(Short descriptive text snippets)

-------

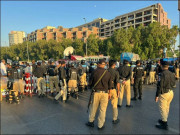 کراچی پی ٹی آئی رہنماوں پر ہنگامہ آرائی کی فرد جرم عائد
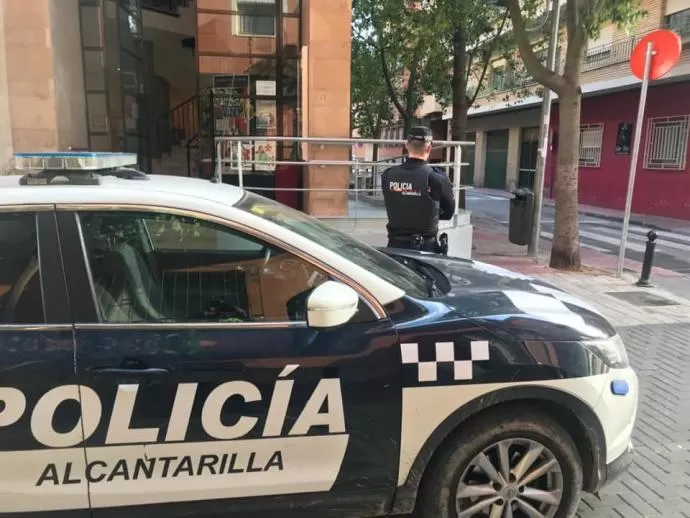 Un joven rompe la ventana de un autobús tras discutir con el conductor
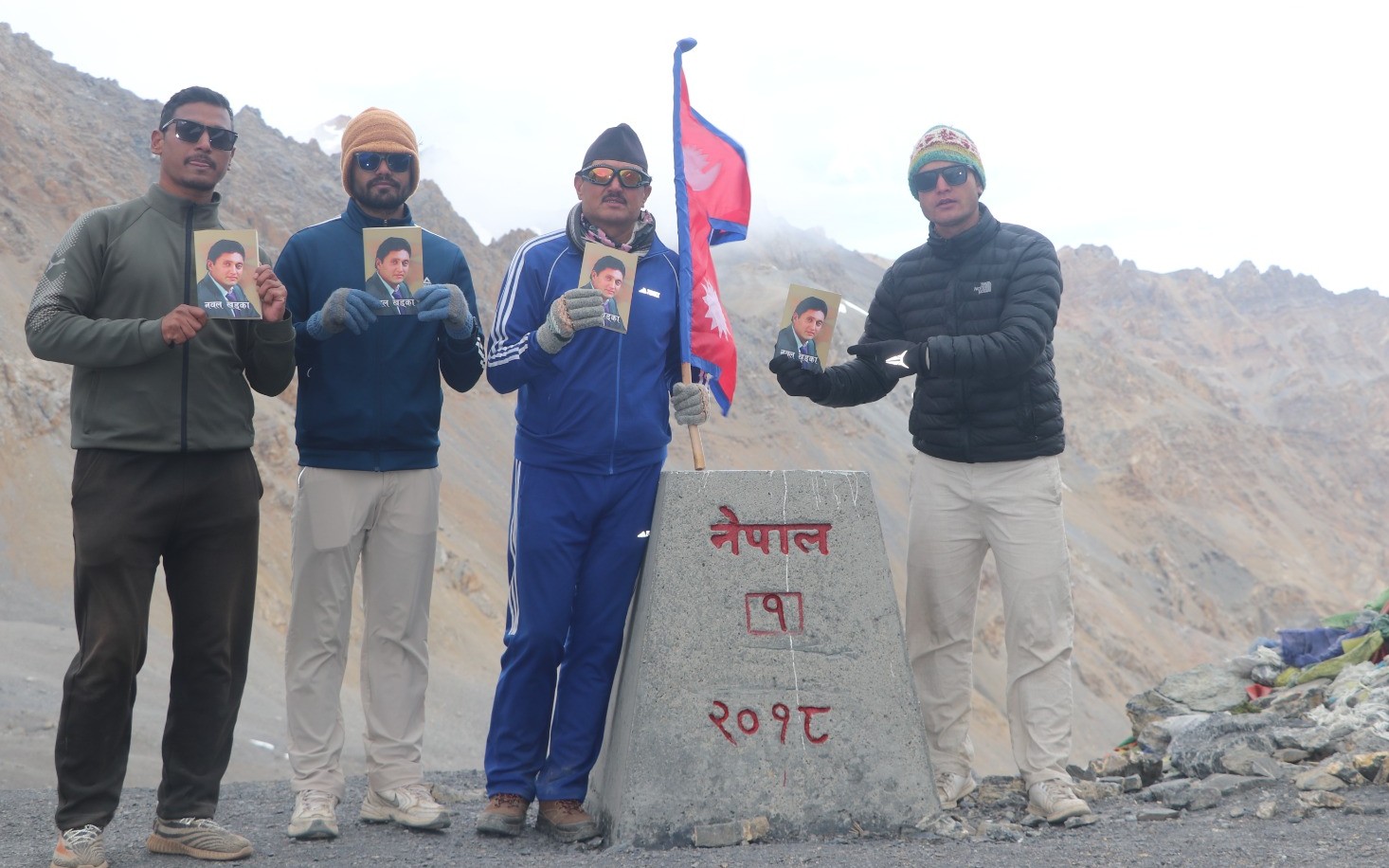 ‘नवल खड्का’ पुस्तक बजारमा 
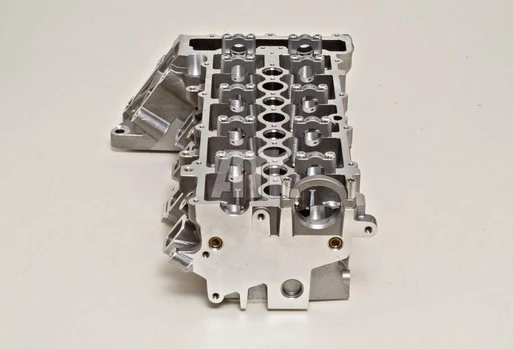 Culasse de cylindre AMC 908864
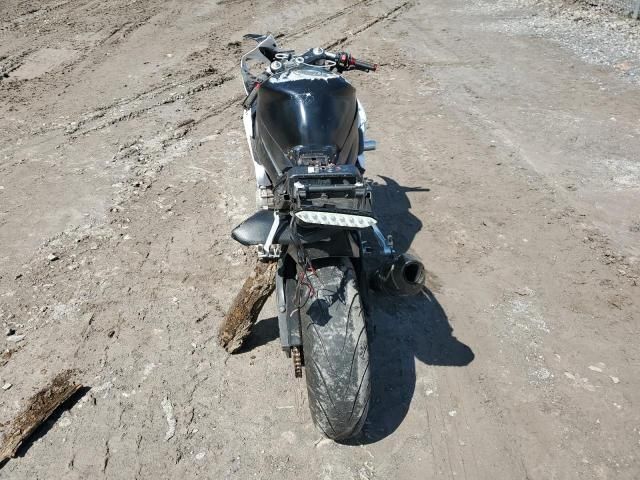 2003 Yamaha YZFR1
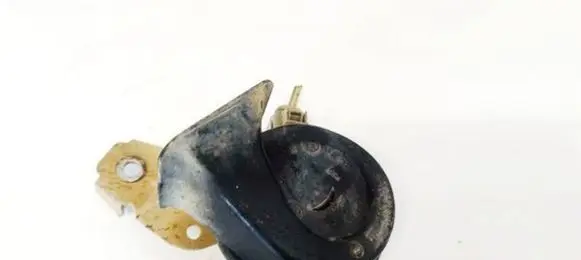 Skoda Octavia Mk2 (1Z) Horn signal E9011157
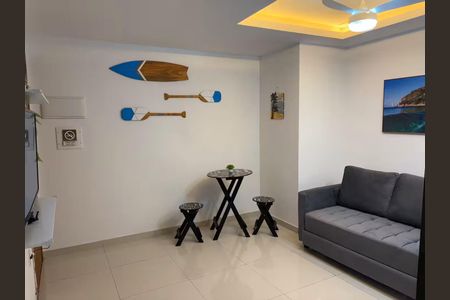 Sala de apartamento para alugar com 1 quarto, 45m² em Recreio dos Bandeirantes, Rio de Janeiro
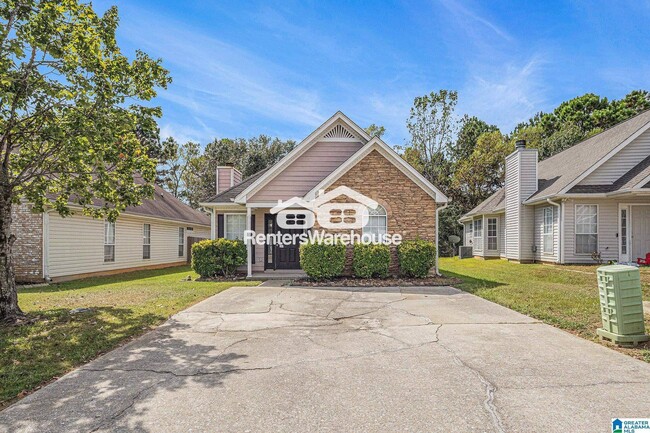 Primary Photo - 139 Flagstone Ln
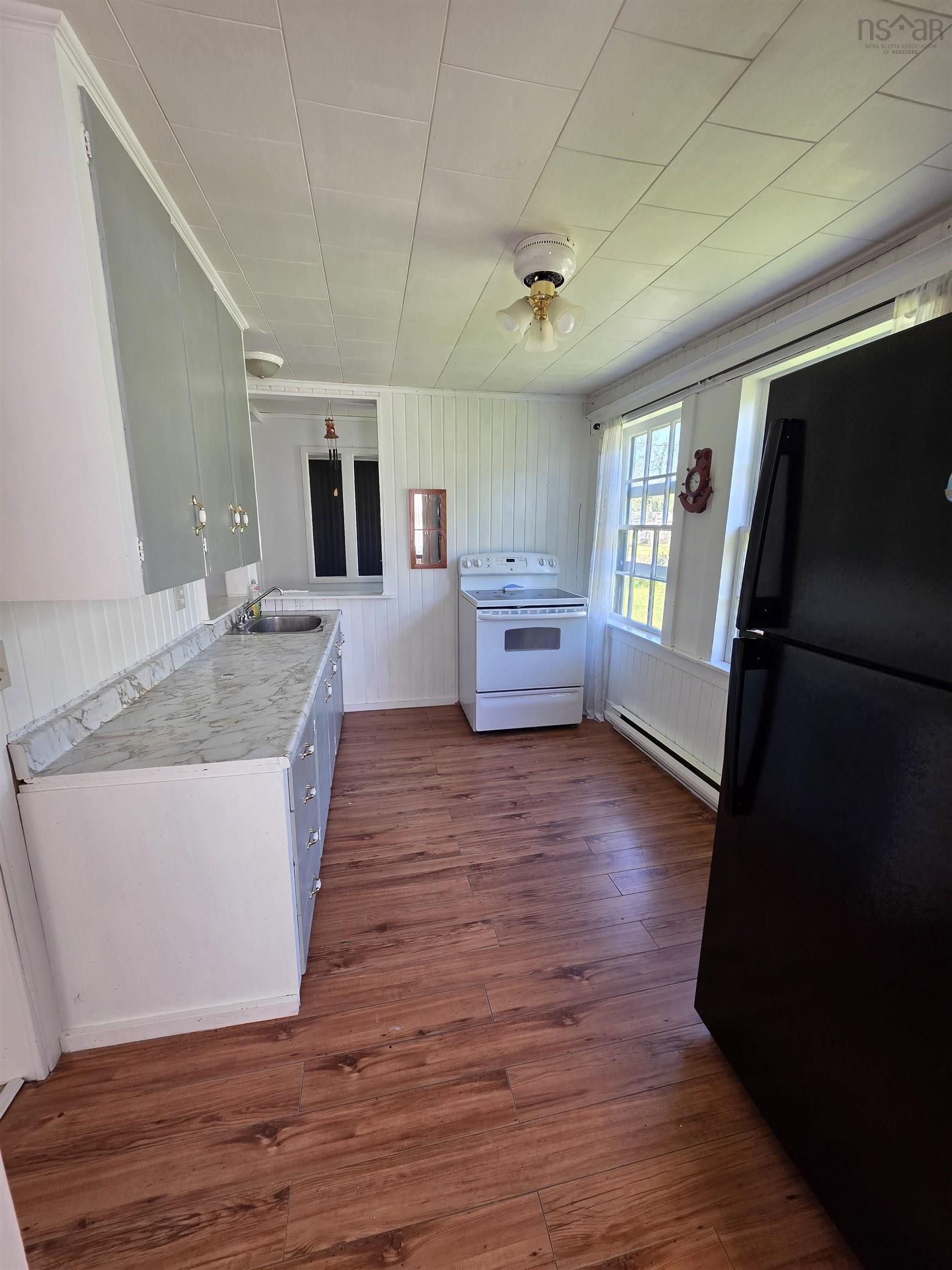 $125,000.00: 3683 Highway 3, East Green Harbour
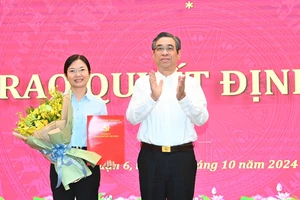 Phó Bí thư Thành ủy TPHCM Nguyễn Phước Lộc trao quyết định cán bộ tại quận 6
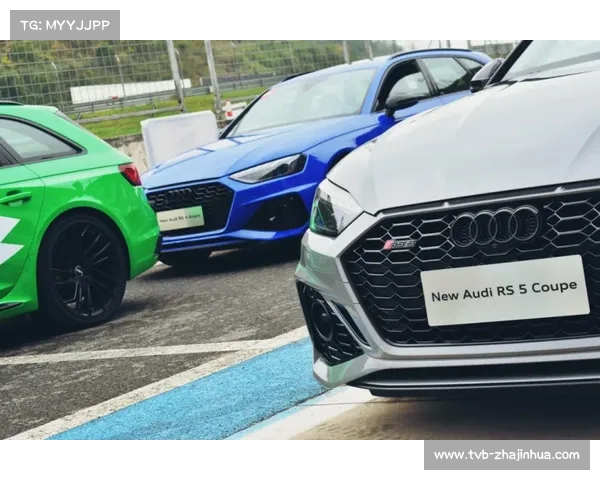 民间高手驾驶买菜车上赛道上演惊险排水渠过弯技惊四座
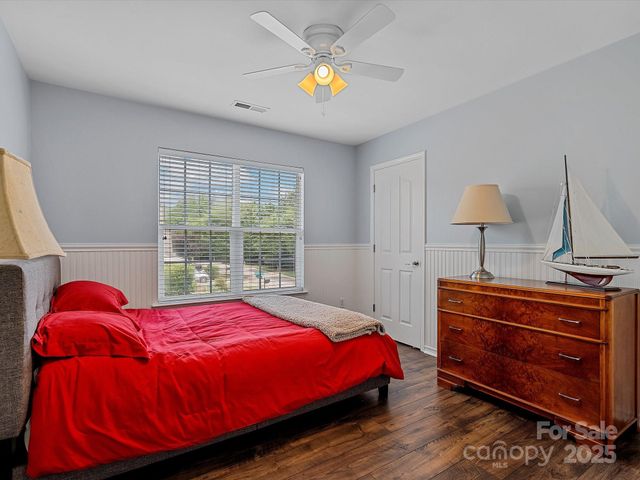 18001 Bluff Inlet Road, Cornelius, NC 28031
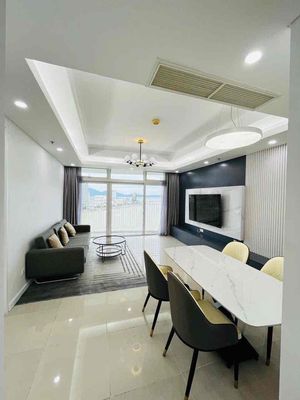 Cho thuê căn hộ AZURA 2PN tầng cao view sông, ngay cầu sông Hàn — ảnh 1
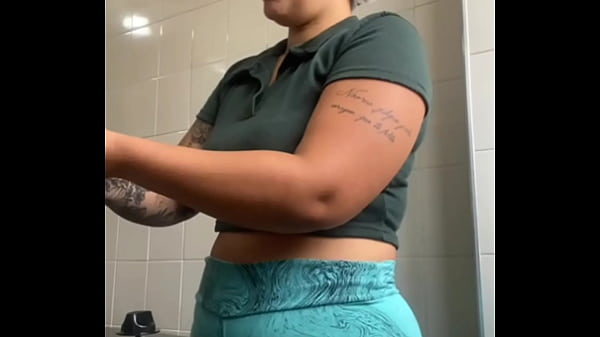 Gosto de mostrar minha Rachada inchada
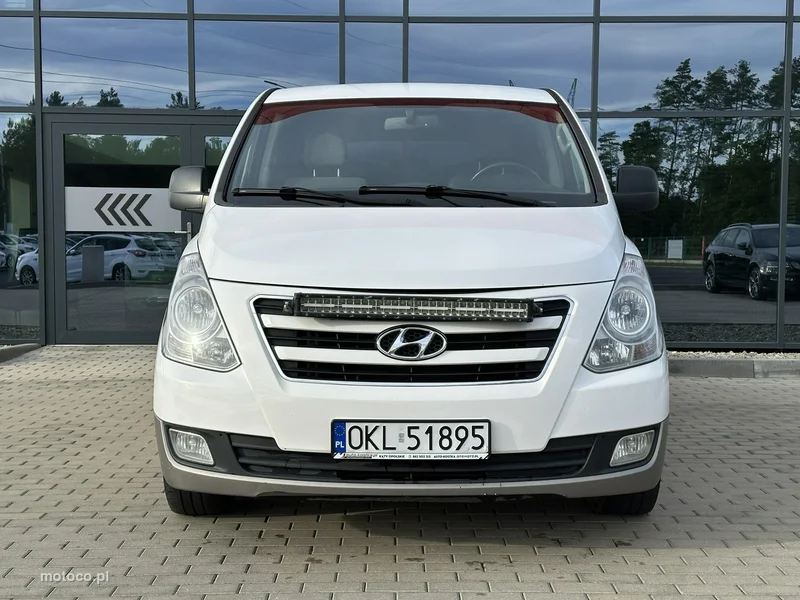 Hyundai H-1 4
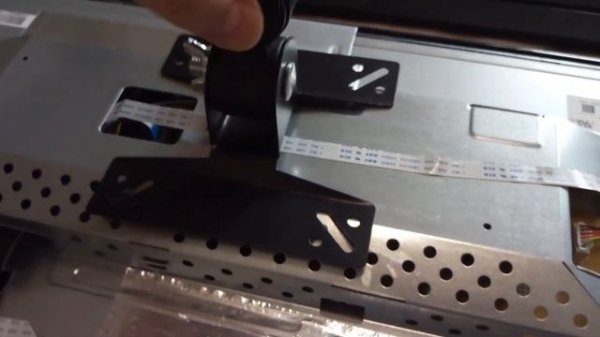 Как повесить монитор без VESA или How to Mount Non-VESA Monitor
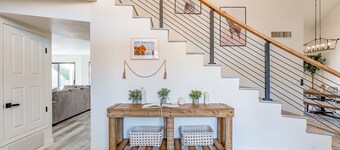 Huge Saguaro, Mountain Views | Sunoria Haus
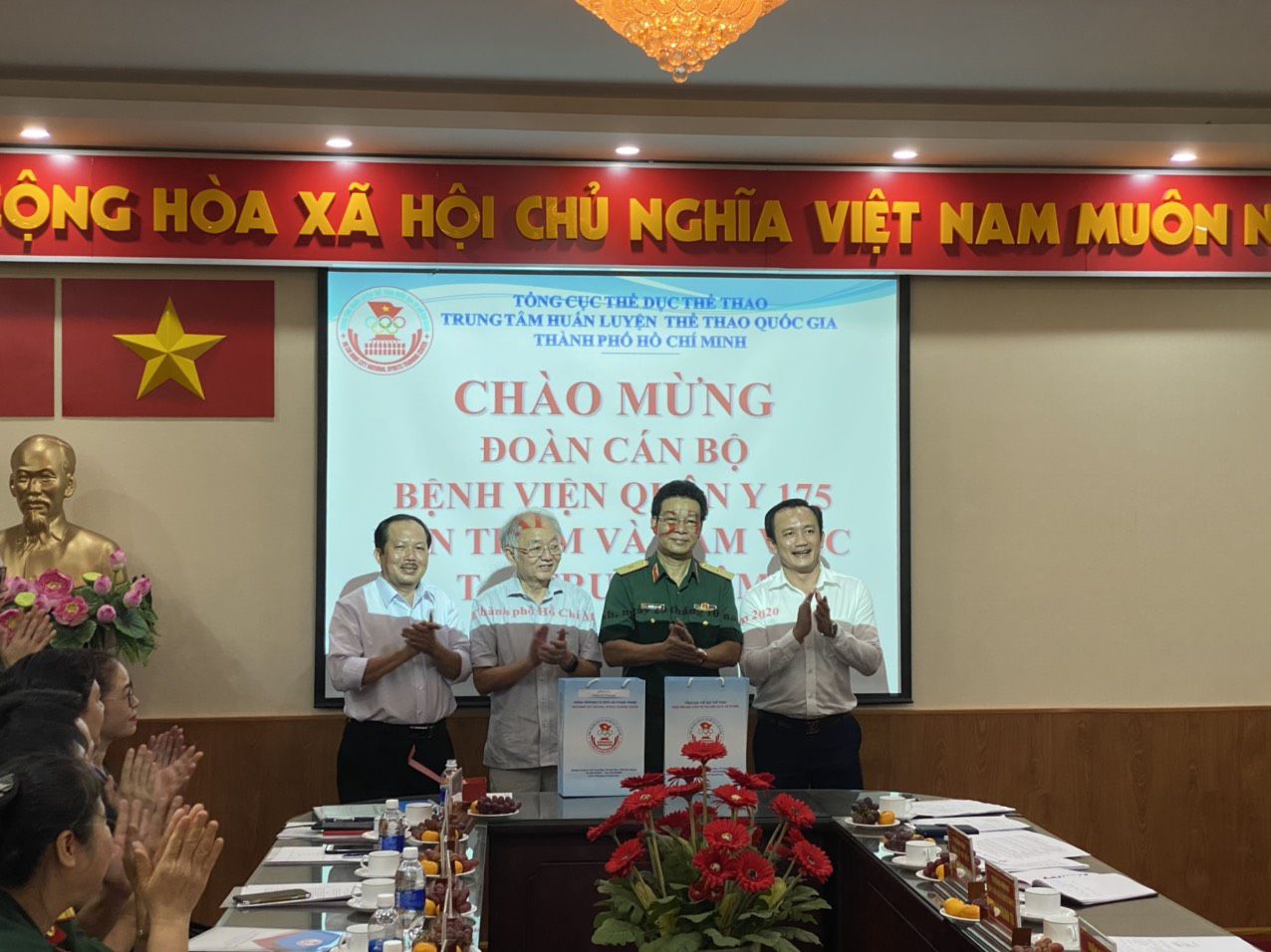 Đồng hành cùng Bệnh viện Quân y 175 thăm và làm việc tại Trường Đại học thể dục thể thao Tp.HCM và Trung tâm Huấn luyện thể thao quốc gia Tp.HCM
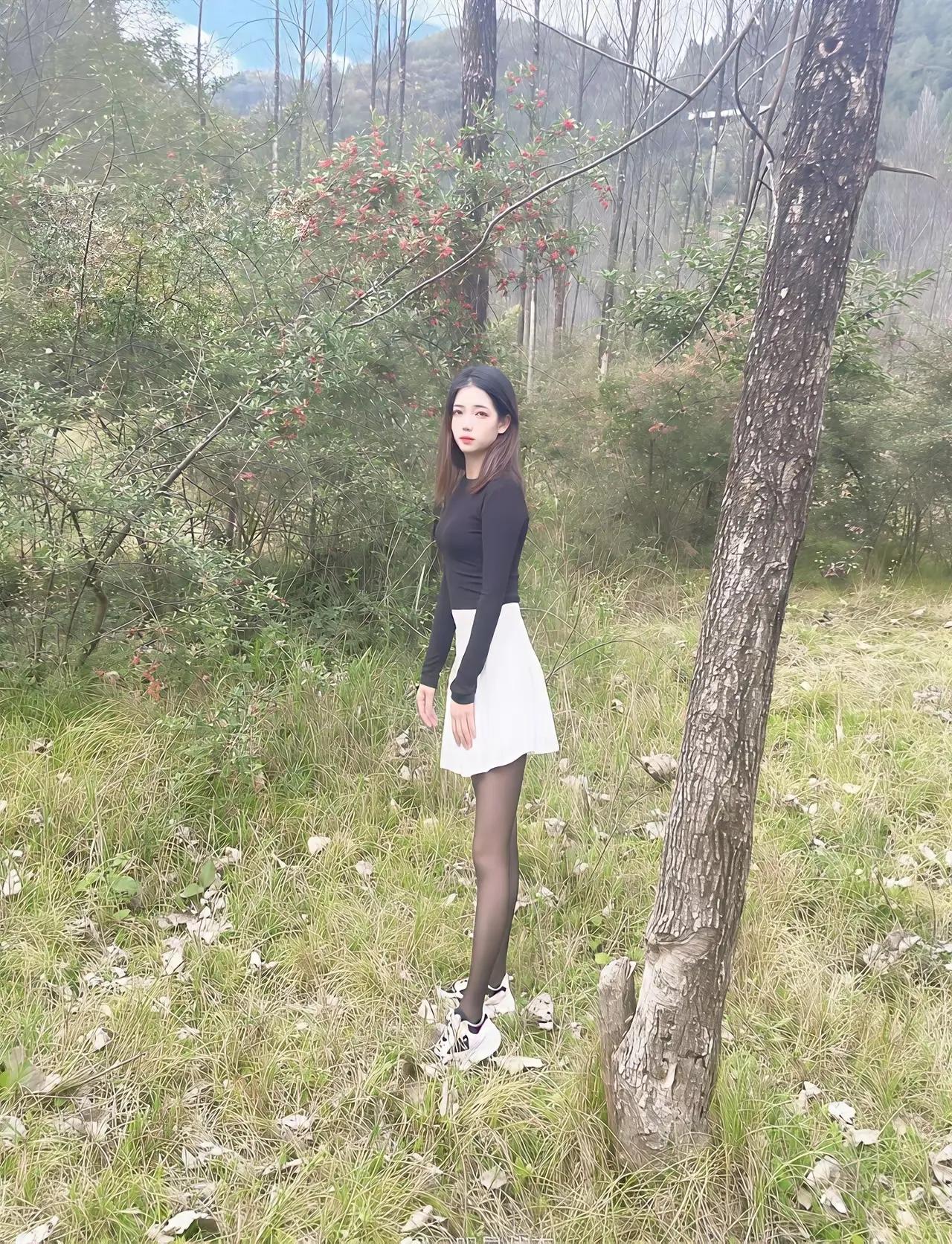 和相亲对象出来爬山
今天是第二见面了
彼此感觉应该还可以

妹子年纪不大
二十出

-------

§ Exercise instructions:
Output every line above exactly as it stands, and drop any picture.

§ Written response:
 کراچی پی ٹی آئی رہنماوں پر ہنگامہ آرائی کی فرد جرم عائد
 Un joven rompe la ventana de un autobús tras discutir con el conductor
 ‘नवल खड्का’ पुस्तक बजारमा 
 Culasse de cylindre AMC 908864
 2003 Yamaha YZFR1
 Skoda Octavia Mk2 (1Z) Horn signal E9011157
 Sala de apartamento para alugar com 1 quarto, 45m² em Recreio dos Bandeirantes, Rio de Janeiro
 Primary Photo - 139 Flagstone Ln
 $125,000.00: 3683 Highway 3, East Green Harbour
 Phó Bí thư Thành ủy TPHCM Nguyễn Phước Lộc trao quyết định cán bộ tại quận 6
 民间高手驾驶买菜车上赛道上演惊险排水渠过弯技惊四座
 18001 Bluff Inlet Road, Cornelius, NC 28031
 Cho thuê căn hộ AZURA 2PN tầng cao view sông, ngay cầu sông Hàn — ảnh 1
 Gosto de mostrar minha Rachada inchada
 Hyundai H-1 4
 Как повесить монитор без VESA или How to Mount Non-VESA Monitor
 Huge Saguaro, Mountain Views | Sunoria Haus
 Đồng hành cùng Bệnh viện Quân y 175 thăm và làm việc tại Trường Đại học thể dục thể thao Tp.HCM và Trung tâm Huấn luyện thể thao quốc gia Tp.HCM
 和相亲对象出来爬山
今天是第二见面了
彼此感觉应该还可以

妹子年纪不大
二十出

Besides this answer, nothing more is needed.